Un pays traversé par de nombreuses divisions
Le Soudan a longtemps été le théâtre de tensions entre le nord, majoritairement arabe et musulman, et le sud, à dominante chrétienne et animiste. Ces divisions ont nourri deux guerres civiles majeures : la première de 1955 à 1972, la seconde de 1983 à 2005. La signature de l’Accord de paix global en 2005 a ouvert la voie à l’indépendance du Soudan du Sud en 2011. Pourtant, cette partition n’a pas résolu les problèmes structurels du pays.
En 2019, après des mois de protestations populaires, le régime d’Omar el-Béchir, au pouvoir depuis 1989, est renversé par un coup d’État militaire. Un gouvernement de transition civilo-militaire est mis en place, avec la promesse d’aboutir à des élections démocratiques. Cependant, les tensions entre les composantes civiles et militaires du pouvoir explosent en octobre 2021, lorsque les militaires prennent de nouveau le contrôle. Ce coup d’État aggrave les divisions internes et précipite la rupture entre les deux principaux chefs militaires, Burhan et Hemedti, autrefois alliés.

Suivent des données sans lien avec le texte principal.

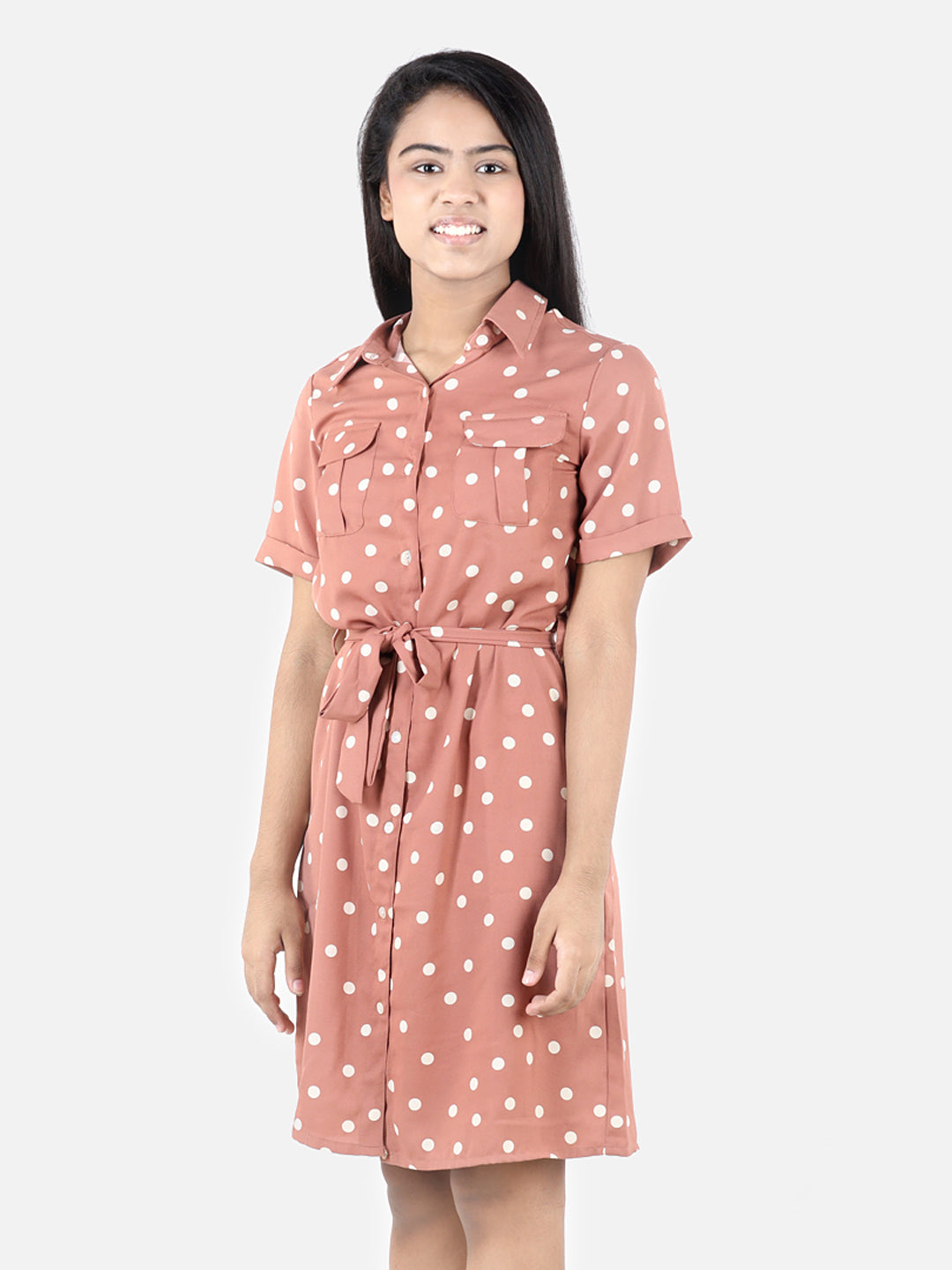 Girl's Brown Polyester Polka Shirt Dress - StyleStone Kid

Le déclenchement du conflit de 2023
Le 15 avril 2023, des combats éclatent à Khartoum entre les FAS et les FSR. Cette guerre éclate dans un contexte de désaccord profond sur l’intégration des FSR dans l’armée nationale, conformément à un accord de transition politique. Les FSR, forces paramilitaires créées sous Béchir et enrichies par les conflits au Darfour, refusent de se soumettre totalement au commandement militaire traditionnel. Hemedti, fort de son pouvoir économique et de ses alliances régionales, voit dans ce conflit l’opportunité d’imposer son leadership national.
Rapidement, les combats s’étendent à d’autres régions du pays, notamment au Darfour, au Kordofan et dans l’Est du Soudan.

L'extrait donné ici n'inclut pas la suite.